◆ **What you are asked to do**: Repeat the data in full and exactly. Leave the pictures out.

─── Collected material ───

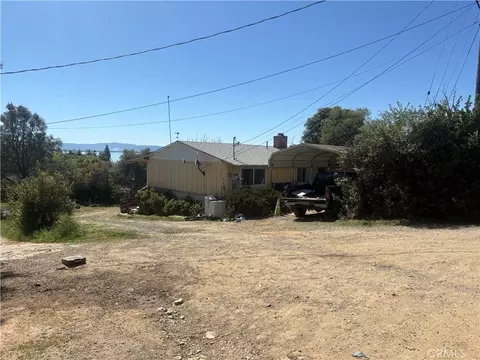4369 Lakeview Ter, Lucerne, CA 95458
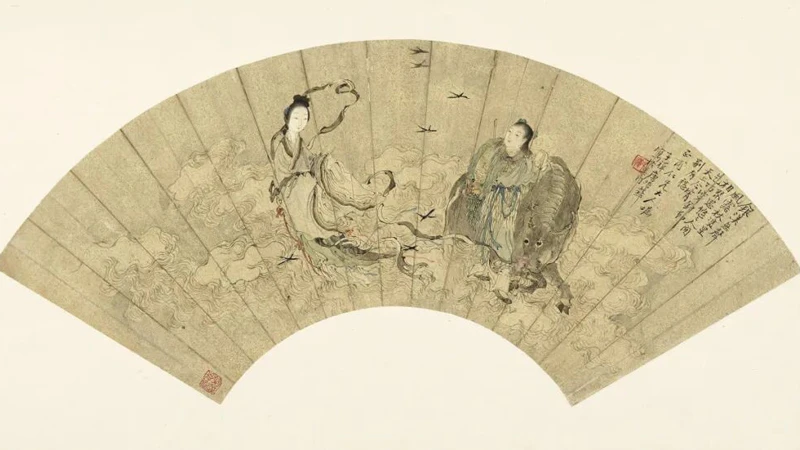 What Happened to the Real Qixi Festival?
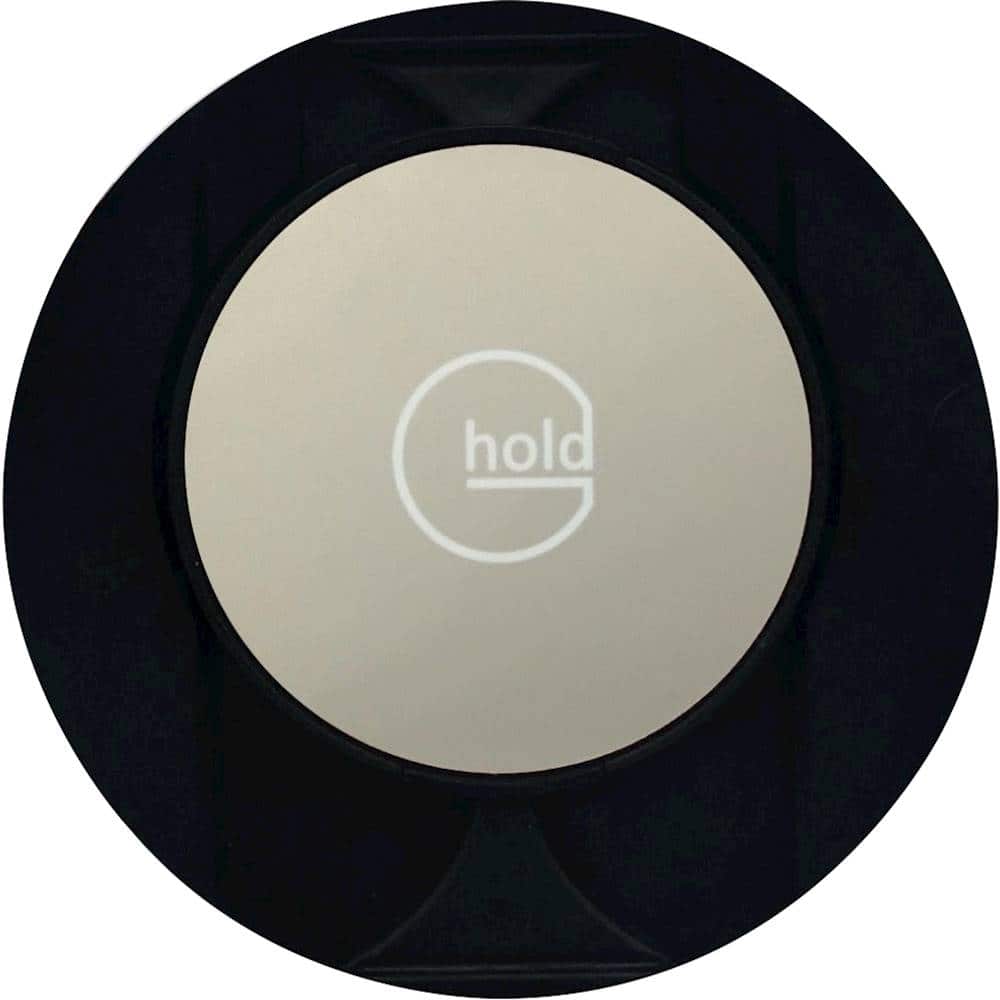 Front. G-Hold - Tablet Holder for Most Tablets and E-Readers - Champagne Gold.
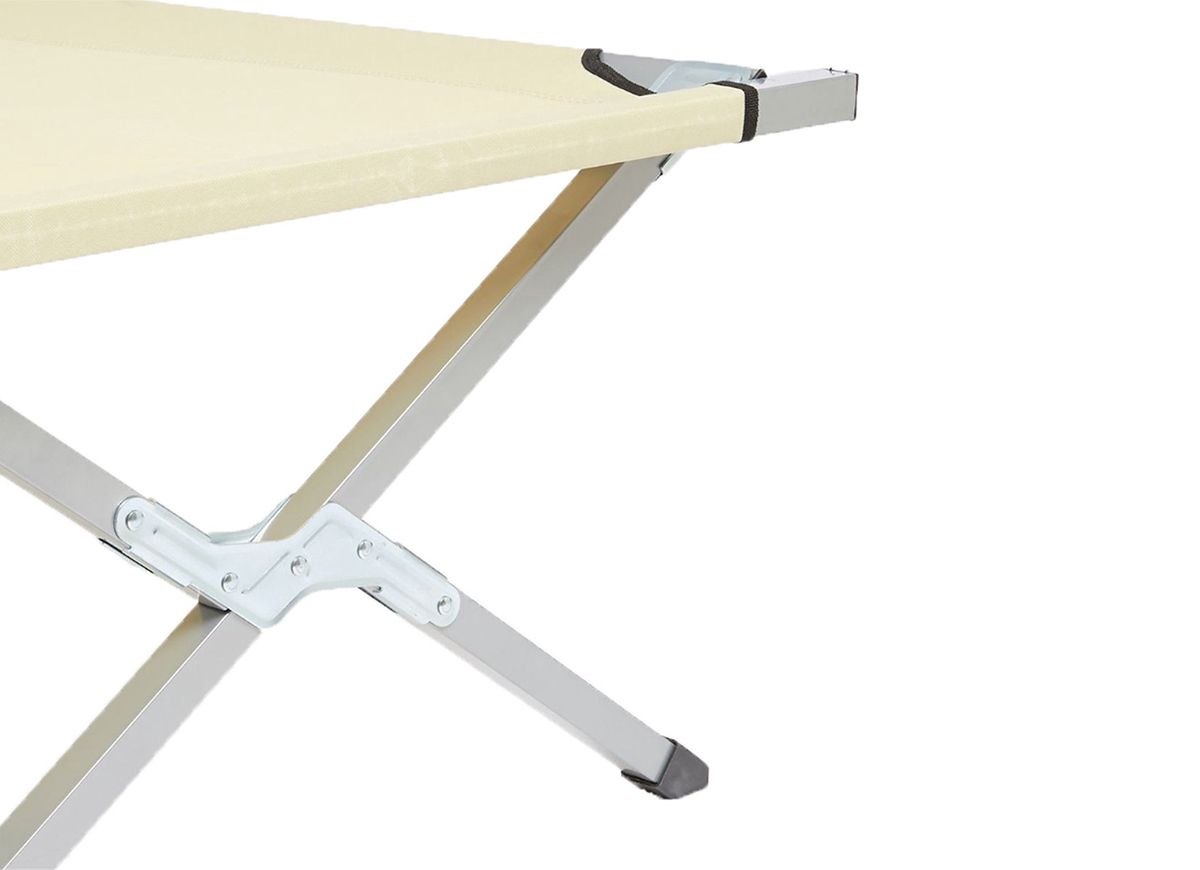 NordFalk XXL 200 x 71 cm Feldbett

───

◆ **Response**:
4369 Lakeview Ter, Lucerne, CA 95458
 What Happened to the Real Qixi Festival?
 Front. G-Hold - Tablet Holder for Most Tablets and E-Readers - Champagne Gold.
 NordFalk XXL 200 x 71 cm Feldbett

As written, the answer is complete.